This is a healthy version of a recipe we adapted from Ina Garten. We use honey instead of the sugar to make it healthier, and to make it thick enough, we add 4 teaspoons of arrowroot powder to the sauce before it begins to thicken.


3-4 lemons (depending on the size)
3/4 cup sugar (we use honey or agave nectar)
1 stick butter
4 large eggs
1/2 – 3/4 cup lemon juice from the lemons
1/8 teaspoon salt
4 teaspoons arrowroot powder (optional – use only if you are using honey or agave nectar instead of sugar)


Grate the lemon peel off of the lemons, being careful to avoid the white pith. Set the lemons aside and put the peel in a small bowl. Add the sugar or honey and mix together.

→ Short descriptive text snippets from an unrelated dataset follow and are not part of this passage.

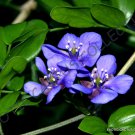 10 SEEDS RARE LIGNUM VITAE GUAIACUM SANCTUM (Exotic lathe hard wood bonsai seed)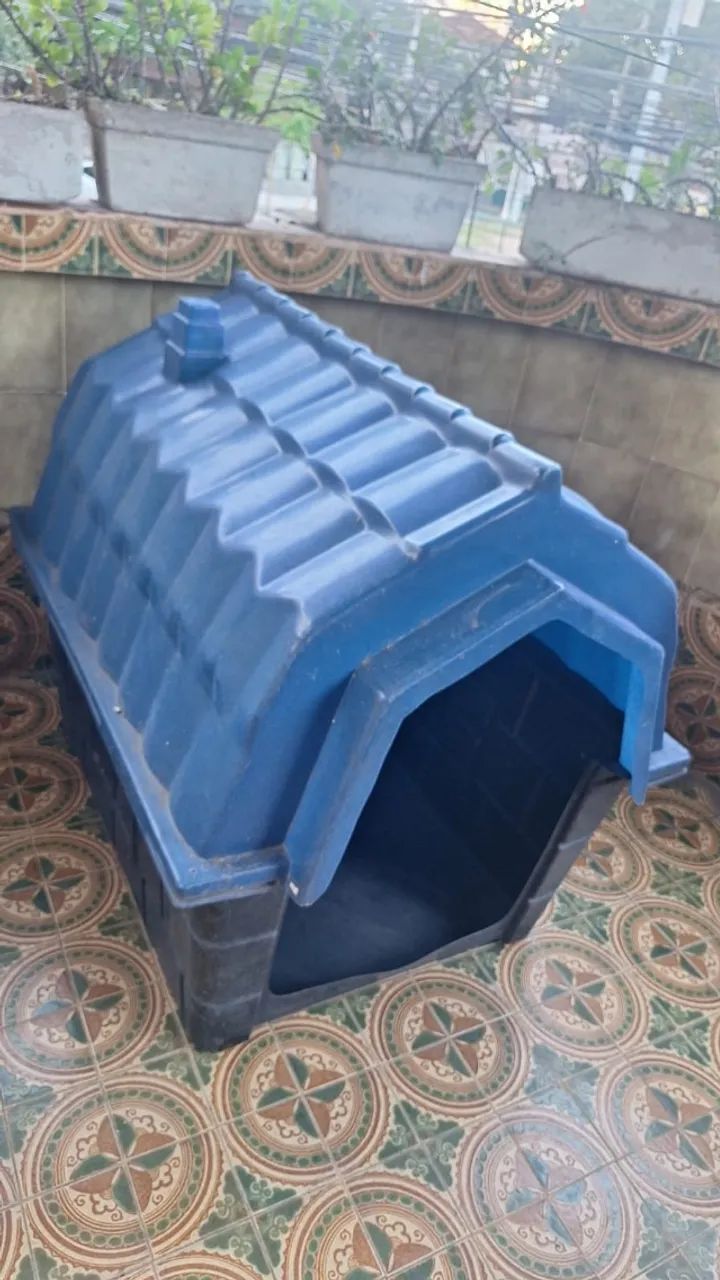 Casa Grande pet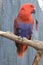 Beautiful red and blue parrot standing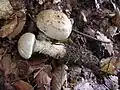 Hebeloma radicosumStipe radicant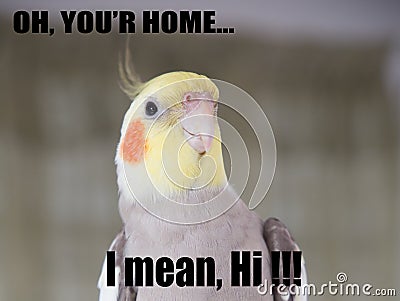 Parrot funny Quote Cockatiel Portrait, Cute memes, your home, I mean hi. props Stock Photo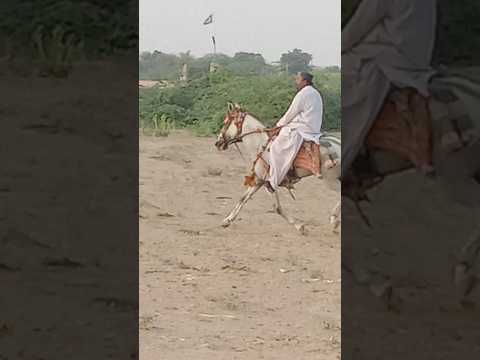 #contentcreator #explorepage #creativityhub #globaltrends #mustwatch #horse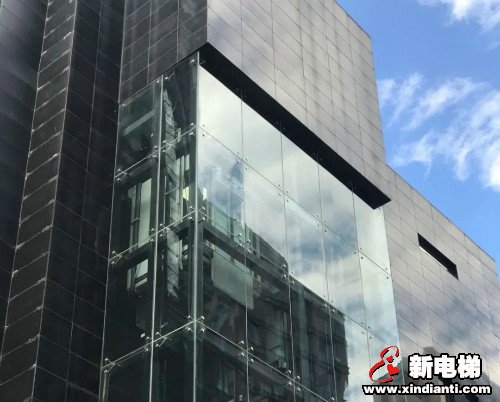 九游官网入口：聚势产业链共筑新标杆｜博奥腾专家鉴定会暨全球新品发布会圆满收官(图1)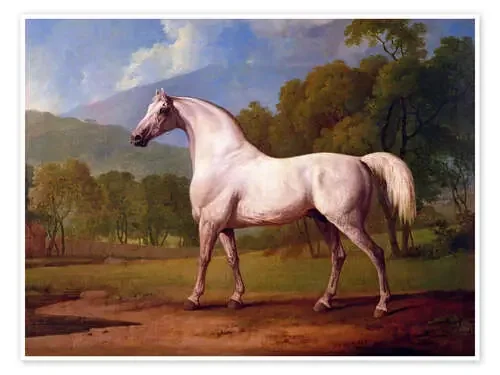 Racehorse Mambrino de George Stubbs Bridgeman Images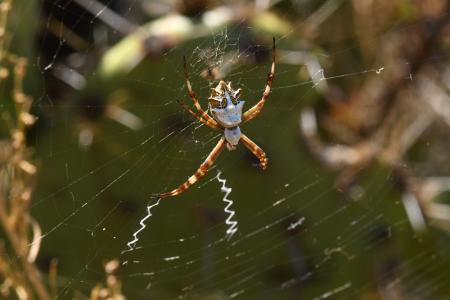 Spider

In a mixing bowl, cream the butter and beat in the sugar and lemon mixture. Add the eggs, 1 at a time and mixing well in between each one, the lemons and the salt. Mix until combined.

Pour the mixture into a saucepan and cook over the lowest heat setting on your stove, stirring constantly for about 2 minutes, or until mixture is almost hot. If you are using the honey or agave nectar, whisk in the arrowroot powder at this point. Continue stirring every 30 seconds for about 8 more minutes, or until the mixture starts to thicken (it should thicken at about 170 degrees F.).

As soon as the mixture has thickened, remove it from the heat. Chill.